Norway’s Pension Fund Divests from Upstream Energy Companies

The Scandinavian country is the latest entity to run scared from oil-dependent firms.

The Oslo-based Government Pension Fund Global announced on Wednesday that it will remove upstream oil and gas companies from its $1 trillion portfolio. The loss of $5.5 billion in equity follows a June proposal from the Ministry of Finance to move away from financial instruments associated with volatile oil prices.

Since 2018, a rash of entities have ducked for cover from risky energy firms that identify, extract or produce raw materials from deposits, drill wells or underground. Last week, ExxonMobil sold its upstream operations in Norway for $4.5 billion. In August, BP divested $5.6 billion of its upstream assets in Alaska. In July, French multinational oil and gas operator and supplier Total divested about $5 billion of several non-core upstream assets to Petrogas, the energy exploration and production subsidy of Oman-based MB Holding. Four months earlier, Houston-based Wishbone Energy divested $300 million in Texas- and Mexico-based upstream assets.

Exploration and production companies accounted for .8 percent of the Norway fund’s portfolio in August. The FTSE Global All Cap fund, an equity benchmark index, recently reclassified upstream energy companies, a process that will be complete in September 2020.

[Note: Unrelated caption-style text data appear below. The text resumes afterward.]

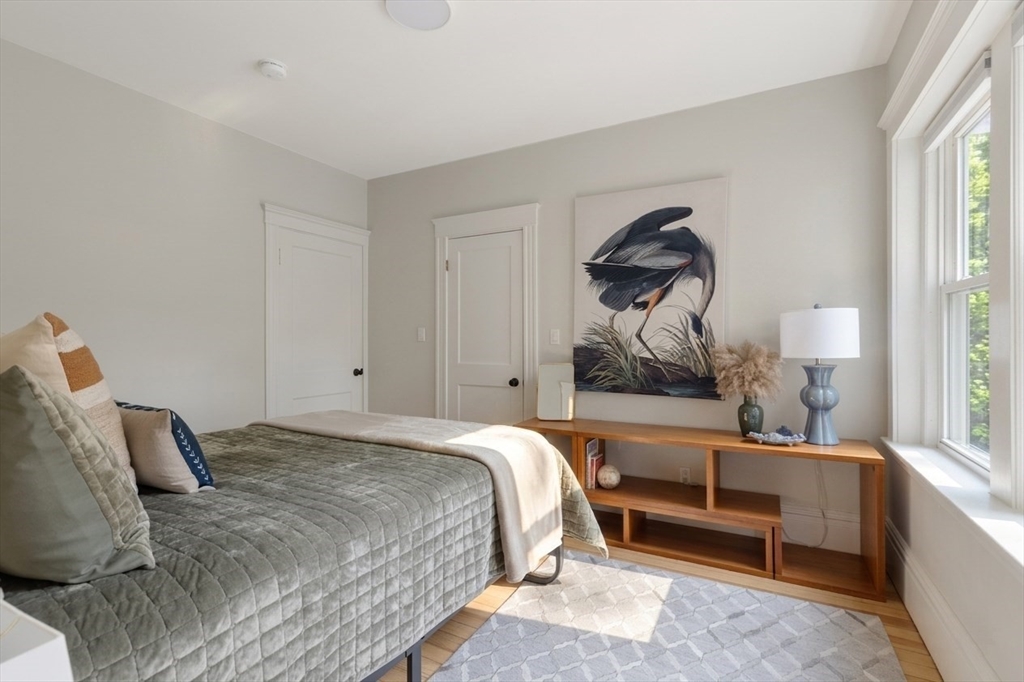 176 Naples Road, Unit 7 Brookline, MA 02446 - Photo 2 of 15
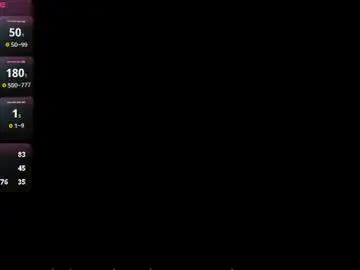 Chaturbate Best live sex cam show of luna_luuvz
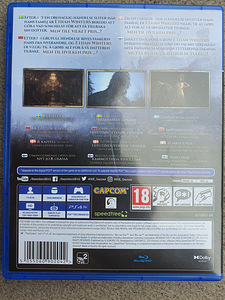 Resident Evil Village (PS4/PS5) (3 foto / 3)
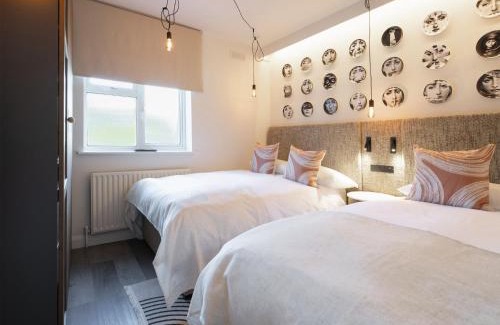 Rickmansworth Apartamento | Cosy Chic Apartment, 1 bedroom, parking, newly refurbed, near M25, Heathrow, Rickmansworth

In a September 11 letter to the Ministry of Finance, Oystein Olsen, governor of Norway’s central bank, and Yngve Slyngstad, CEO of Norges Bank IM, which manages the fund, wrote that, “It is reasonable to assume that the market will know which stocks the the bank will be selling as aprt of this phase-out.”

Norway’s central bank recommended the move in November 2017, but the Ministry of Finance floated the proposal in March. A few months later, the fund pledged to invest in wind, solar and other renewable energy projects, both listed and unlisted.

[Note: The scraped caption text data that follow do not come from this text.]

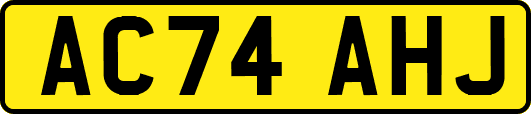 AC74AHJ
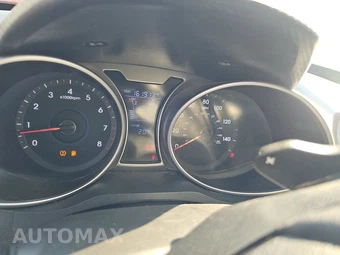 2013 Hyundai Veloster RE:MIX Edition - miniatura 12
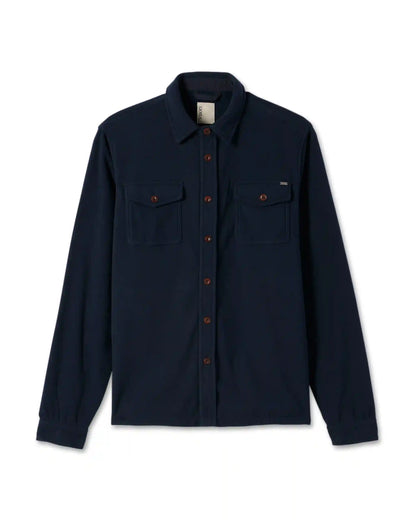 Aspen Shirt Jacket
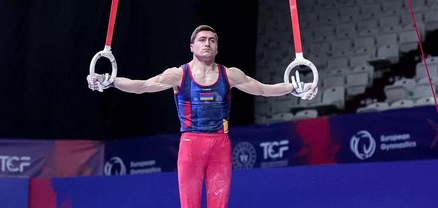 Արթուր Ավետիսյանը` World Challenge Cup միջազգային մրցաշարի հաղթող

Oil is on a downward trend. Since October of 2018, crude oil prices have fallen about 45% from 9.09 to 4.16.

The list of institutions that are steering clear from fossil fuel investments in general is growing. Last year, Ireland became the first country to divest its public fund from fossil fuels, with Royal Dutch Shell divesting $1.3 billion of its upstream oil and gas interests there. The World Bank has stopped funding new oil and gas developments.